### TRY IT:
Retype the listing below line for line, but only from the line with "A news broadcast" down to the line with "flat lay table", inclusive. Pictures stay out.

### EXERCISE MATERIAL:
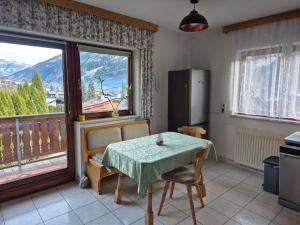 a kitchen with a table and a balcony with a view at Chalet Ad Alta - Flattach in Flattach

* * *

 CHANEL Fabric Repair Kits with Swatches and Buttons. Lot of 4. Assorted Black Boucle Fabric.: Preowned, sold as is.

...

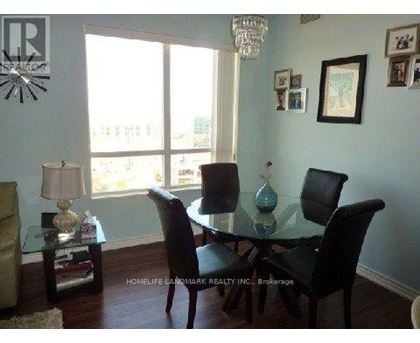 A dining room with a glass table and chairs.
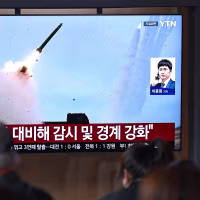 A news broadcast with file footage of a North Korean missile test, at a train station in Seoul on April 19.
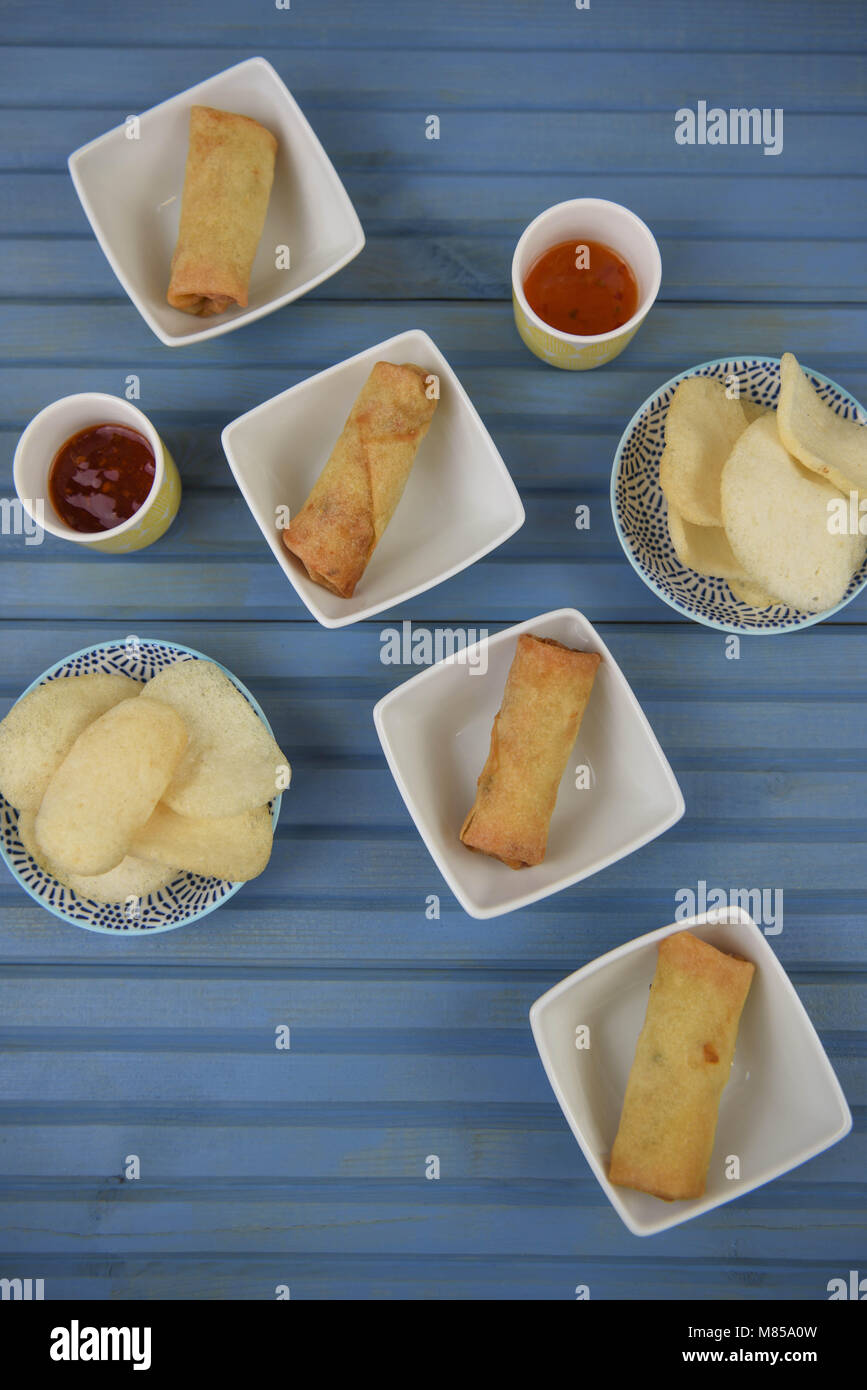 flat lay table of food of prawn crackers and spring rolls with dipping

### EXERCISE ANSWER:
 A news broadcast with file footage of a North Korean missile test, at a train station in Seoul on April 19.
 flat lay table of food of prawn crackers and spring rolls with dipping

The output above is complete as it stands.